Dataset items:
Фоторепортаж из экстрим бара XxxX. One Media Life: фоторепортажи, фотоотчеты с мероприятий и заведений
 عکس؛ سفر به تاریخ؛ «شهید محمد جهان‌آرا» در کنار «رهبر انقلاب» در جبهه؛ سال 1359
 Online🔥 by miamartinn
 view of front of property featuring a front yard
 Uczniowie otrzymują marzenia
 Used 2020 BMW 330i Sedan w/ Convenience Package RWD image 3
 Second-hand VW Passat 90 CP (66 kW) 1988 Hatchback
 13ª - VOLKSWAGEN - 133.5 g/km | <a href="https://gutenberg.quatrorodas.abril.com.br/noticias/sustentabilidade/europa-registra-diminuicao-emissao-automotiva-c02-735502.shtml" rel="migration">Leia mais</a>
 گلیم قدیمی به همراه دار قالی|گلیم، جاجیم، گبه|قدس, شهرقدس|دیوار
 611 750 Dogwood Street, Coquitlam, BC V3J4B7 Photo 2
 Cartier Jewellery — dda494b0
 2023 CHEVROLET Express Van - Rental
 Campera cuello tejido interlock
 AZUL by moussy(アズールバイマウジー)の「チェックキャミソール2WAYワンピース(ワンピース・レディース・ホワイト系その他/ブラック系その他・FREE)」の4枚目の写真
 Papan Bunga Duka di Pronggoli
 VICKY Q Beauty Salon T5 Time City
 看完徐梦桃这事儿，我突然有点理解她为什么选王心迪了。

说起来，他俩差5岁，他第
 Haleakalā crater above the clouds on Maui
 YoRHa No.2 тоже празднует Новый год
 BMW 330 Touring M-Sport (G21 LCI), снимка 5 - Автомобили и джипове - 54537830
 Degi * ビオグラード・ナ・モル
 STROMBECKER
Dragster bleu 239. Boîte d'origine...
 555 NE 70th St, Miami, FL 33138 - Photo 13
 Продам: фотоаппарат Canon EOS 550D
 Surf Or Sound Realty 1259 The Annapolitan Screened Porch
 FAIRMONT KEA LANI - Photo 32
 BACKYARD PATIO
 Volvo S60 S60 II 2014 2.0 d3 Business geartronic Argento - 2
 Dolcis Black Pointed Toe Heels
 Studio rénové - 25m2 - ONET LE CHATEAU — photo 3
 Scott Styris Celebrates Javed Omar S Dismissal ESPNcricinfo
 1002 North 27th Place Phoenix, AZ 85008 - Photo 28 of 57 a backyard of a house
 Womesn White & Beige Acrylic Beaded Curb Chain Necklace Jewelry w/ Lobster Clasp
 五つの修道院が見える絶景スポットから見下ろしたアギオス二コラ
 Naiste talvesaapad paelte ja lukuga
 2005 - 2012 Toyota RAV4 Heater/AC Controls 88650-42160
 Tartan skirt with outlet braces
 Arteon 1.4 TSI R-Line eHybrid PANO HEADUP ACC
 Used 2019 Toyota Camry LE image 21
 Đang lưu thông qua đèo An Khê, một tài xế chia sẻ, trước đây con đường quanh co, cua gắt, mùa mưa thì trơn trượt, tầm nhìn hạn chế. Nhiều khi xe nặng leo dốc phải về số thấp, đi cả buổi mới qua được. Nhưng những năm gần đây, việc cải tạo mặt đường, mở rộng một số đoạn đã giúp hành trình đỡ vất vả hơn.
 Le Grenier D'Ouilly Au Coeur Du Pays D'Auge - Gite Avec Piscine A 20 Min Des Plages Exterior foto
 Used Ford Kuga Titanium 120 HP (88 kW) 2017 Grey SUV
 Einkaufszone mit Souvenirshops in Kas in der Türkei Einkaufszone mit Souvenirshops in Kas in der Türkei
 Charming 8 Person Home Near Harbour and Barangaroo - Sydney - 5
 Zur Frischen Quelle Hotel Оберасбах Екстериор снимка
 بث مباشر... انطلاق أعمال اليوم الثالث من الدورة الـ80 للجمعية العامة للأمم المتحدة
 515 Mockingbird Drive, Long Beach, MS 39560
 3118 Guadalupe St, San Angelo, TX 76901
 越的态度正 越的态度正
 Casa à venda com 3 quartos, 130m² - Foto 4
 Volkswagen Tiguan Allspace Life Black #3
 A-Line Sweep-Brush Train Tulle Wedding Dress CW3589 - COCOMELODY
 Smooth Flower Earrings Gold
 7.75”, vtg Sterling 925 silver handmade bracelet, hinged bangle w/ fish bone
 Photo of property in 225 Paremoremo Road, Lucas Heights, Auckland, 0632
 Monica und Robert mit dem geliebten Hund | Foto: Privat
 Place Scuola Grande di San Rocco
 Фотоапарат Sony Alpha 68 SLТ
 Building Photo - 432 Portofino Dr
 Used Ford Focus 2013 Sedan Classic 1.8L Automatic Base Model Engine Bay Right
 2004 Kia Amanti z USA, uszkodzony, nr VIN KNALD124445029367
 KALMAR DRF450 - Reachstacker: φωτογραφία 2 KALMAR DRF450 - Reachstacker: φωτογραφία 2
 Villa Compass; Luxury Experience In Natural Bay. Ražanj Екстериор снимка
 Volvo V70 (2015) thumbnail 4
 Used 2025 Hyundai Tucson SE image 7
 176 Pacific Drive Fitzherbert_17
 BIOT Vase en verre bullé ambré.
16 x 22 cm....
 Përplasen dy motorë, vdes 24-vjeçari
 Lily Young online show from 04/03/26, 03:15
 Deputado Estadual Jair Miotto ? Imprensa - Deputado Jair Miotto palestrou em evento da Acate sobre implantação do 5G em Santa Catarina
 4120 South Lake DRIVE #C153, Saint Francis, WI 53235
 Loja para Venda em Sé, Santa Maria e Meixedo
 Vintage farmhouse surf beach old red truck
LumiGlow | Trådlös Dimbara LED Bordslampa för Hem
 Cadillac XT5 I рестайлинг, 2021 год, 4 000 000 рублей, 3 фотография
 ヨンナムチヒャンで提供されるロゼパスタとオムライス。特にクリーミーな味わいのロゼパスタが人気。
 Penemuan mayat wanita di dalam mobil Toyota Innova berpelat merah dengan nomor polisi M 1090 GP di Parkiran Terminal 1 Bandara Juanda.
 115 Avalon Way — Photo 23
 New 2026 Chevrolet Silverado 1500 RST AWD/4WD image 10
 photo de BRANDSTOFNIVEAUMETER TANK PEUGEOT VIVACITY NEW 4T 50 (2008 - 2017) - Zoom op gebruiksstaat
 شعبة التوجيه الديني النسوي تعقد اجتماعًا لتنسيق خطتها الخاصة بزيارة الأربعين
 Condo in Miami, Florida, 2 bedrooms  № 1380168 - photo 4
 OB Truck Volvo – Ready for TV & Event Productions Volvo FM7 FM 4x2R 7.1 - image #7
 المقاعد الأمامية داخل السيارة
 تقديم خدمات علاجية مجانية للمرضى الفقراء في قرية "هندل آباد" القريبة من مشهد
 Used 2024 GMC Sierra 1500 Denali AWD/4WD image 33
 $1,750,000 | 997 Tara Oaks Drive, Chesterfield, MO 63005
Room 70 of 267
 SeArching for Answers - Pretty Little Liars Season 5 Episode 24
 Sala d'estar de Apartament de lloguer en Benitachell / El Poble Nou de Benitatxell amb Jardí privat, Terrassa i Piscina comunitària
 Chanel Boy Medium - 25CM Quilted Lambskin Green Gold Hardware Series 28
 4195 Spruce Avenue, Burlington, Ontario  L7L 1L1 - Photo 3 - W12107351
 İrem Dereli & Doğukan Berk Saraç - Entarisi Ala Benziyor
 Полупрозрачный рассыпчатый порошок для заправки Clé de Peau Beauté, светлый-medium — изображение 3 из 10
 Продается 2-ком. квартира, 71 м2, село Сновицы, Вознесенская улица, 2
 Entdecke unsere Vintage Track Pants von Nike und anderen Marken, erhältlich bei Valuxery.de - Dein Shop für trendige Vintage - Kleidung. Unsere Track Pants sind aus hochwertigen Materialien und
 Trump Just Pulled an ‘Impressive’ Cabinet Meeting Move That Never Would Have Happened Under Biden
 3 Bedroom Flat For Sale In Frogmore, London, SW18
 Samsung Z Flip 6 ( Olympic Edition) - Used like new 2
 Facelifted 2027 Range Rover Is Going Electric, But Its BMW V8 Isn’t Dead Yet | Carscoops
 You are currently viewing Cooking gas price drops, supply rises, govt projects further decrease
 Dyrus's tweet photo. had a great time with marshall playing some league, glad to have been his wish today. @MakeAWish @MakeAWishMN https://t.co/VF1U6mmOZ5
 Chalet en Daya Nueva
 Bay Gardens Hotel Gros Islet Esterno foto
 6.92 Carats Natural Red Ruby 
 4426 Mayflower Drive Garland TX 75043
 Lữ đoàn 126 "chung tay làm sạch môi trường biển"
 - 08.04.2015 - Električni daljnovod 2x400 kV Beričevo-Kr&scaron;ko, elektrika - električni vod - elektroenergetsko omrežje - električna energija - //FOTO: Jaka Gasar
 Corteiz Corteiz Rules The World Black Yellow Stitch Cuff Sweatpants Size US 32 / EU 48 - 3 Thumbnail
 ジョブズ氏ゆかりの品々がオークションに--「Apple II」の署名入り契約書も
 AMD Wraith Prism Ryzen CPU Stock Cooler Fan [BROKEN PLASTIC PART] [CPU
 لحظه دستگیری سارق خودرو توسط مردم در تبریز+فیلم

_Your task_
The required output is every line above from the one with "view of front" down to the one with "Tartan skirt with outlet braces", restated word for word, ends included.

_Response to this exercise_
 view of front of property featuring a front yard
 Uczniowie otrzymują marzenia
 Used 2020 BMW 330i Sedan w/ Convenience Package RWD image 3
 Second-hand VW Passat 90 CP (66 kW) 1988 Hatchback
 13ª - VOLKSWAGEN - 133.5 g/km | <a href="https://gutenberg.quatrorodas.abril.com.br/noticias/sustentabilidade/europa-registra-diminuicao-emissao-automotiva-c02-735502.shtml" rel="migration">Leia mais</a>
 گلیم قدیمی به همراه دار قالی|گلیم، جاجیم، گبه|قدس, شهرقدس|دیوار
 611 750 Dogwood Street, Coquitlam, BC V3J4B7 Photo 2
 Cartier Jewellery — dda494b0
 2023 CHEVROLET Express Van - Rental
 Campera cuello tejido interlock
 AZUL by moussy(アズールバイマウジー)の「チェックキャミソール2WAYワンピース(ワンピース・レディース・ホワイト系その他/ブラック系その他・FREE)」の4枚目の写真
 Papan Bunga Duka di Pronggoli
 VICKY Q Beauty Salon T5 Time City
 看完徐梦桃这事儿，我突然有点理解她为什么选王心迪了。

说起来，他俩差5岁，他第
 Haleakalā crater above the clouds on Maui
 YoRHa No.2 тоже празднует Новый год
 BMW 330 Touring M-Sport (G21 LCI), снимка 5 - Автомобили и джипове - 54537830
 Degi * ビオグラード・ナ・モル
 STROMBECKER
Dragster bleu 239. Boîte d'origine...
 555 NE 70th St, Miami, FL 33138 - Photo 13
 Продам: фотоаппарат Canon EOS 550D
 Surf Or Sound Realty 1259 The Annapolitan Screened Porch
 FAIRMONT KEA LANI - Photo 32
 BACKYARD PATIO
 Volvo S60 S60 II 2014 2.0 d3 Business geartronic Argento - 2
 Dolcis Black Pointed Toe Heels
 Studio rénové - 25m2 - ONET LE CHATEAU — photo 3
 Scott Styris Celebrates Javed Omar S Dismissal ESPNcricinfo
 1002 North 27th Place Phoenix, AZ 85008 - Photo 28 of 57 a backyard of a house
 Womesn White & Beige Acrylic Beaded Curb Chain Necklace Jewelry w/ Lobster Clasp
 五つの修道院が見える絶景スポットから見下ろしたアギオス二コラ
 Naiste talvesaapad paelte ja lukuga
 2005 - 2012 Toyota RAV4 Heater/AC Controls 88650-42160
 Tartan skirt with outlet braces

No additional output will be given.